United States. I was opposed to this on the ground of its inequality. It
happened to me, Sir, to be called upon to address a political meeting in
New York, in 1837, soon after the recognition of Texan Independence. I
state now, Sir, what I have often stated before, that no man, from the
first, has been a more sincere well-wisher to the government and the
people of Texas than myself. I looked upon the achievement of their
independence in the battle of San Jacinto as an extraordinary, almost a
marvellous, incident in the affairs of mankind. I was among the first
disposed to acknowledge her independence. But from the first, down to
this moment, I have opposed, as far as I was able, the annexation of new
States to this Union. I stated my reasons on the occasion now referred
to, in language which I have now before me, and which I beg to present
to the Senate.

Mr. Webster here read the passage from his speech at Niblo's
Saloon, New York, which will be found in a previous part of this
work, pages 429, 430, beginning, "But it cannot be disguised,
Gentlemen, that a desire, or an intention, is already manifested to
annex Texas to the United States."

Well, Sir, for a few years I held a position in the executive
administration of the government. I left the Department of State in
1843, in the month of May.
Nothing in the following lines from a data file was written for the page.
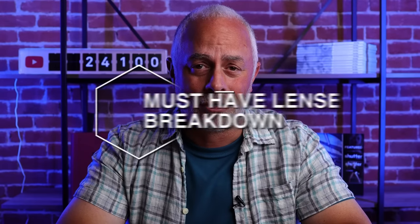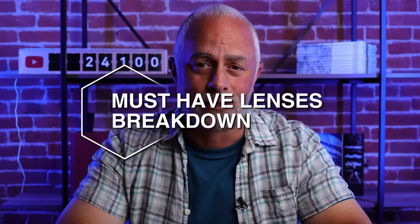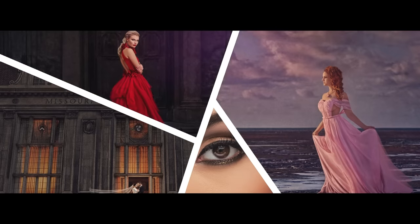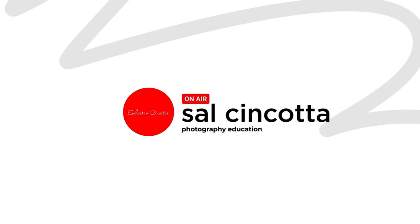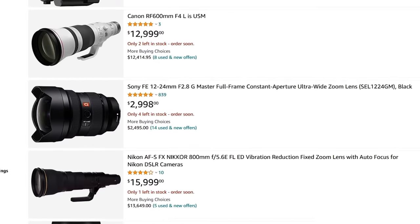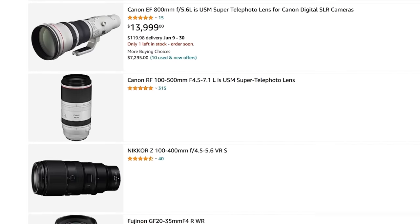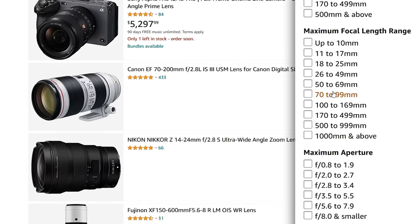Are you a photographer looking to get started in portraits? Well, these are three must-have lenses. As a portrait photographer — as a photographer in general — we all know there is an endless supply of lenses, focal lengths, and speeds. But what do you really need to get started? In this video, we're going to talk about three lenses that I think are essential and crucial to getting started as a portrait photographer.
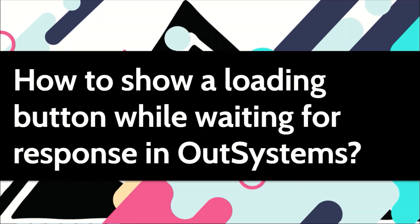From the UX perspective, it's not a good practice to let the user keep guessing about what's happening in the application when they, for example, click on a button that is taking a while to get executed. A way to get around that problem would be to display an icon for loading or processing. In this video, I'll show you how to do this in OutSystems.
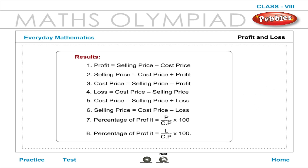Profit and Loss Results: Profit equals selling price minus cost price. Selling price equals cost price plus profit. Cost price equals selling price minus profit. Loss equals cost price minus selling price. Selling price equals cost price minus loss. Percentage of profit equals profit by cost price into 100. Percentage of loss equals loss by cost price into 100.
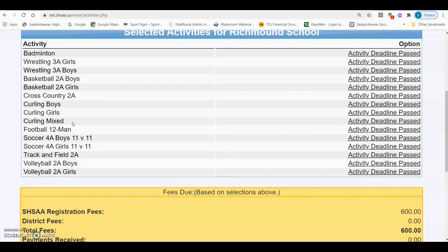Select the activity you would like to complete the E5 for by clicking Create Eligibility Form on the right side of the page. If you don't see Create Eligibility Form, you will see Activity Deadline Passed, which means that the deadline has passed and you will need to contact the SHSAA office to open the E5 for you.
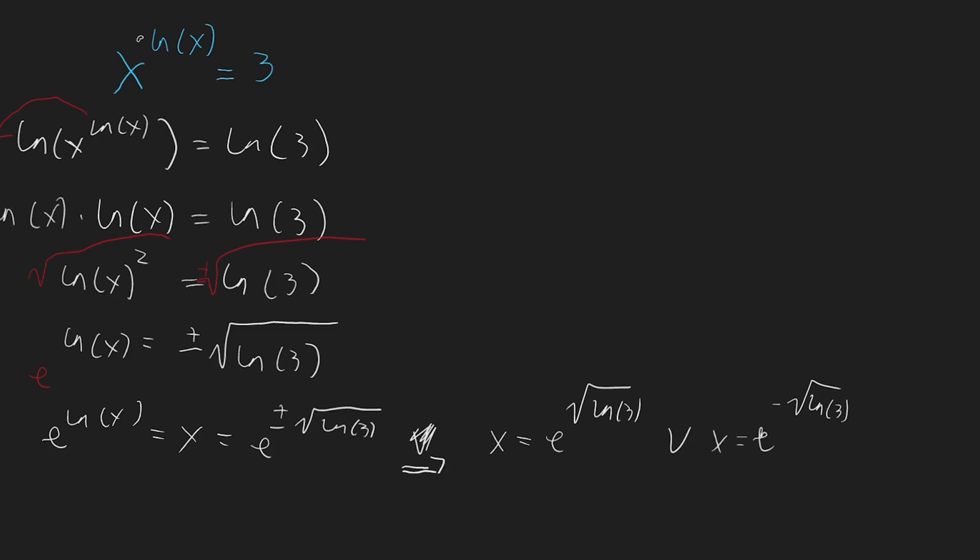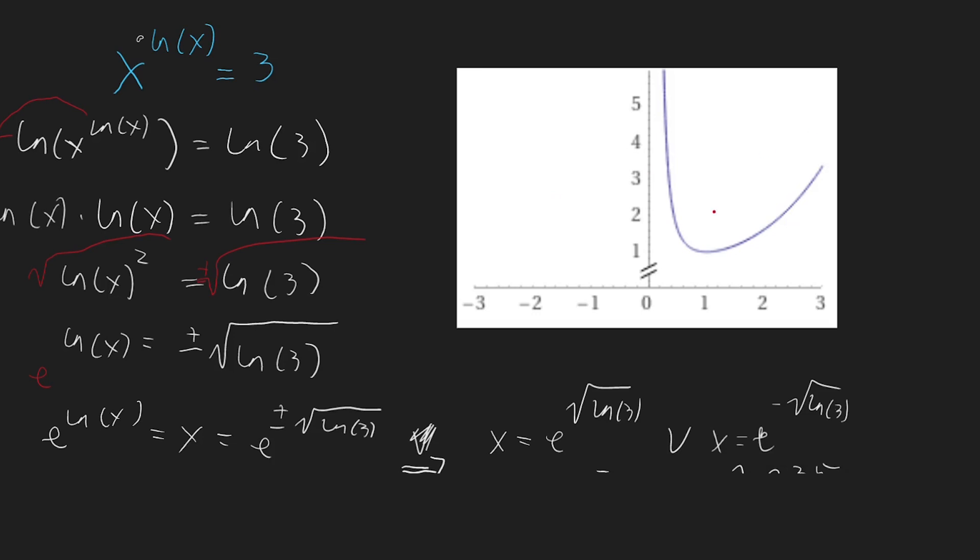Now this is approximately 2.85, this is approximately 0.35, and if we compare with the graph we need to find out where the function is 3, so we need to go from 3, right here, and 0.35, and 2.85, not bad.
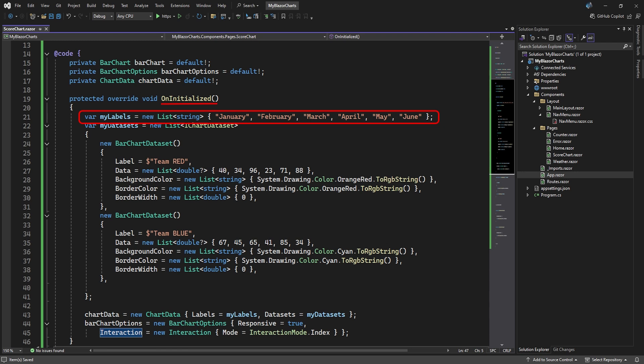Each index will have at least one bar of data to display. So next, we need to set up the data that will be used for the bars at each index. This is called a dataset.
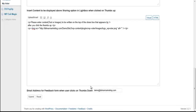And then on thumbs down, it triggers a feedback form. That feedback form is already uploaded, stylized, and everything. All you have to do is put your email address that you want all that feedback to get emailed to.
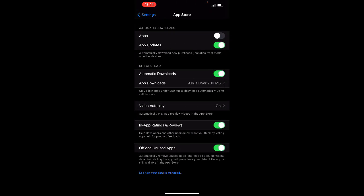Just turn off this option. Done — I have turned off automatic app updates in iPhone. That's it for today, guys. Thank you.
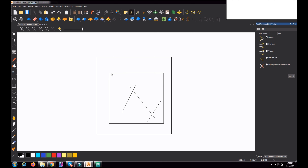I can also do fillet for independent vectors. I click this vector and this vector, and together they will form a fillet. What's happening here is that the longer side determines where the fillet forms. From the intersection point, whichever side is bigger, the radius is formed on that side.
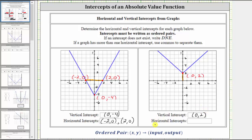And now let's find the horizontal intercepts, but notice in this case the graph does not intersect or cross the horizontal axis, and therefore this graph does not have any horizontal intercepts. In this case, we are told to enter DNE. I hope you found this helpful.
Within a month after, another (an intelligent
gentleman, for whom I cherished a high respect, and who came to a sad
and untimely end) had taken my place, I had occasion to know, not
officially, but from circumstances, that the annexation of Texas was
taken up by Mr. Tyler's administration as an administration measure. It
was pushed, pressed, insisted on; and I believe the honorable gentleman
to whom I have referred[2] had something like a passion for the
accomplishment of this purpose. And I am afraid that the President of
the United States[3] at that time suffered his ardent feelings not a
little to control his more prudent judgment. At any rate, I saw, in
1843, that annexation had become a purpose of the administration. I was
not in Congress nor in public life. But, seeing this state of things, I
thought it my duty to admonish the country, so far as I could, of the
existence of that purpose. There are gentlemen at the North, many of
them, there are gentlemen now in the Capitol, who know that, in the
summer of 1843, being fully persuaded that this purpose was embraced
with zeal and determination by the executive department of the
government of the United States, I thought it my duty, and asked them to
concur with me in the attempt, to make that purpose known to the
country. I conferred with gentlemen of distinction and influence. I
proposed means for exciting public attention to the question of
annexation, before it should have become a party question; for I had
learned that, when any topic becomes a party question, it is in vain to
argue upon it.

But the optimists and the quietists, and those who said, All things are
well, and let all things alone, discouraged, discountenanced, and
repressed any such effort. The North, they said, could take care of
itself; the country could take care of itself, and would not sustain Mr.
Tyler in his project of annexation. When the time should come, they
said, the power of the North would be felt, and would be found
sufficient to resist and prevent the consummation of the measure. And I
could now refer to paragraphs and articles in the most respectable and
leading journals of the North, in which it was attempted to produce the
impression that there was no danger; there could be no addition of new
States, and men need not alarm themselves about that.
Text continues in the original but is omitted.